- **What the task asks**
For the listing below, output exactly the lines from the line with "basına içini döktü" up to and including the line with "Art by Ameena - image 1 - student project", and no other lines.

- **Source records**
§ §
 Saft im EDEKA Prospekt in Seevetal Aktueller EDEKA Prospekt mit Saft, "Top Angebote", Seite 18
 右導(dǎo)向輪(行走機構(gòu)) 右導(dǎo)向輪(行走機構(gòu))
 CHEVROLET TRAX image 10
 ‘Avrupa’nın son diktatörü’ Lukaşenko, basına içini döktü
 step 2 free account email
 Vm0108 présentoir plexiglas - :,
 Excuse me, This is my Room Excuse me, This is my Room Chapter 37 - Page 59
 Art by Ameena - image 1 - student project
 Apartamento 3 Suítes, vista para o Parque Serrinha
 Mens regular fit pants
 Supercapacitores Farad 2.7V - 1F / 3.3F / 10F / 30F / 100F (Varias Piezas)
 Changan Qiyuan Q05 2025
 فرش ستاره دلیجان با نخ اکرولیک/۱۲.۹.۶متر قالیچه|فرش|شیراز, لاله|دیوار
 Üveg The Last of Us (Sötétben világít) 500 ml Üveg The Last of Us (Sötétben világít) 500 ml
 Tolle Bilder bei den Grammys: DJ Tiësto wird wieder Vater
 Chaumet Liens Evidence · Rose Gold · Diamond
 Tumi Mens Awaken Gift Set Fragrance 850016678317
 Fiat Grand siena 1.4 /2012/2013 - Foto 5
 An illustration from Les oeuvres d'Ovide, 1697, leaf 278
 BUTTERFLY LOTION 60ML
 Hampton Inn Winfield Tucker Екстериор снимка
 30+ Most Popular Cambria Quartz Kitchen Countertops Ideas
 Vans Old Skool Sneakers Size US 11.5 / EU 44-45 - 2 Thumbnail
§ §
- **Result**
 ‘Avrupa’nın son diktatörü’ Lukaşenko, basına içini döktü
 step 2 free account email
 Vm0108 présentoir plexiglas - :,
 Excuse me, This is my Room Excuse me, This is my Room Chapter 37 - Page 59
 Art by Ameena - image 1 - student project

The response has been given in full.